Australia are 3-1 down in the series after a humiliating fourth Test drubbing by an innings and 78 runs at Trent Bridge when the tourists were bowled out for 60 before lunch on the first day.
"We have been poor, we have been outplayed by a superior opponent, and as coaching staff, players and selectors we fully accept the blame for our losses at Edgbaston and Trent Bridge," Lehmann said in a column for the Cricket Australia website.
"On behalf of our team I want to apologise for the manner in which we have lost, especially to those tour groups and individual fans who paid to travel to the UK to watch us and to the millions more tuning in at home."
Lehmann attacked the suggestion that the players' wives, partners and families who had accompanied them on this tour had somehow contributed to the their lack form on the field.
"There's no question we haven't performed as we expected and we appreciate that in those circumstances we have to accept negative criticism from the media because we've had so much positive coverage during our success over the past two years," he said.
"And while we're happy to cop criticism for the way we bat, bowl, field or prepare I believe it's unfair to suggest having families with us as a reason for our on-field efforts."

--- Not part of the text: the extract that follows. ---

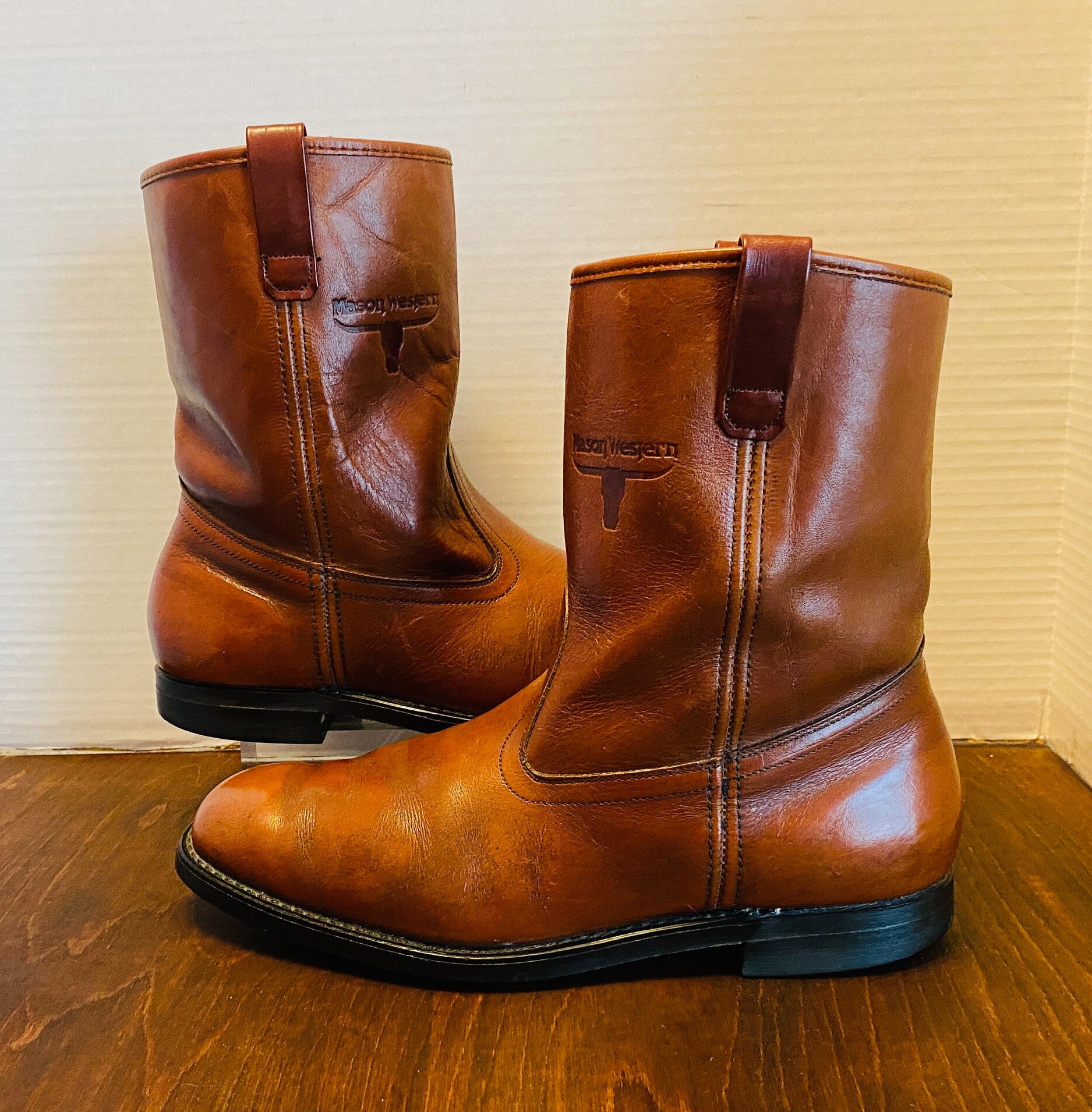 MASON Men's Leather Cowboy Boots Size  Brown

Lehmann said the reality of international schedules was that some in the squad would have only been home for three or four days since the Boxing Day Test last December.
"I can't think of any other sport in which the players are away from their homes and their loved ones for such long stretches of time," he said.
"And as such we will continue to welcome families as part of any tour because it is simply unrealistic to expect them to spend those long periods apart."
Lehmann also rounded on criticism directed towards captain Michael Clarke, who announced that the fifth Ashes Test at the Oval would be his last.
"Michael is one of our most committed trainers who will go to the nets every day even when we have optional sessions or give guys a day off, and on practice days he'll travel to the ground early with the support staff who go ahead to get everything set up," he said.
He said the team hoped to send off Clarke with a win.
"From there, we enter a new era of Australian cricket that everyone in our set-up is really excited about," he added.